North America After 1713. Wikimedia Commons. https://commons.wikimedia.org/wiki/File:North_America_1713.png



LESSON TITLE: What did British North America look like in 1713?


TIME: approximately 90 minutes



A3. Understanding Historical Context: Describe various significant events, developments, and people in Canada between 1713-1800, and explain their impact (FOCUS ON: Historical Significance; Cause & Consequence)

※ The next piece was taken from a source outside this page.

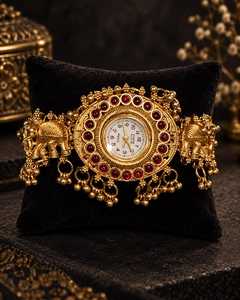 Reloj de Pulsera Tradicional Kashmirí Hecho a Mano con Perlas y Tono Dorado para Mujer, Reloj de Moda Étnica India - Product Image 2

A3.1 Identify factors leading to some key events that occurred in and/or affected Canada between 1713 and 1800 and describe the historical significance of some of these events for different individuals, groups, and/or communities

A3.2 Identify key political and legal changes that occurred in and/or affected Canada during this period, and explain the impact of some of these changes on various individuals, groups, and/or communities

A3.3 Identify key social and economic changes that occurred in and/or affected Canada during this period, and explain the impact of some of these changes on various individuals, groups, and/or communities

A3.4 Describe some significant aspects of daily life among different groups living in Canada during this period

A3.5 Describe significant interactions between various individuals, groups, and institutions in Canada during this period

A3.6 Identify some significant individuals and groups in Canada during this period and explain their contribution to Canadian heritage and/or identity


SUCCESS CRITERIA STUDENTS WILL (with reference to Indigenous people):

  • Identify the different groups that live in North America prior to 1713 (British, French, Acadian, Indigenous, Canadian)
  • Identify where each group lived in North America at this time using the resources provided
  • Understand that within a group of people there are different values and experiences that contribute to the make up and location of each group
  • Understand that groups of people often have similar needs, but these can also differ depending on group culture and values. This will become apparent through the map activity as students start to learn where groups settled and why they may have settled there
  • Needs of different groups can affect relations with others. This could lead to conflict, or alliances



  • Students will create a chart of important considerations for each “group”
  • Formative assessment of student comprehension of multiple historical perspectives
  • Students will work towards effective team work skills, and becoming a valued group member, through contribution, collaboration, and respect



  1. Class will begin with teacher asking students who they think lived in Canada at the beginning of the 18th Century. This can be used to gather prior knowledge from the students (Assessment for learning). If required, a teacher could create a K-W-L chart to assess where the students are at with their knowledge of this topic.
  2. Teacher will then confirm the main groups that were present at the beginning of the 18th century (we are specifically focusing on 1713 for this particular lesson).
  3. Students will be split into jigsaw groups of 3-4, and each group will be assigned a “group” (French, English, Acadian, Indigenous).
  4. Each group will be responsible with researching where these groups were living during the time period, using maps, websites, and primary and secondary sources (as provided by the teacher, or through their own internet and library research). They will then create a basic map using the template provided of their locations.
  5. After these jigsaw groups have completed their assignments, new groups will be formed, with one member from each original group. These teams will create comprehensive maps of British North America, portraying where each group was located, and what the map looked like in 1713.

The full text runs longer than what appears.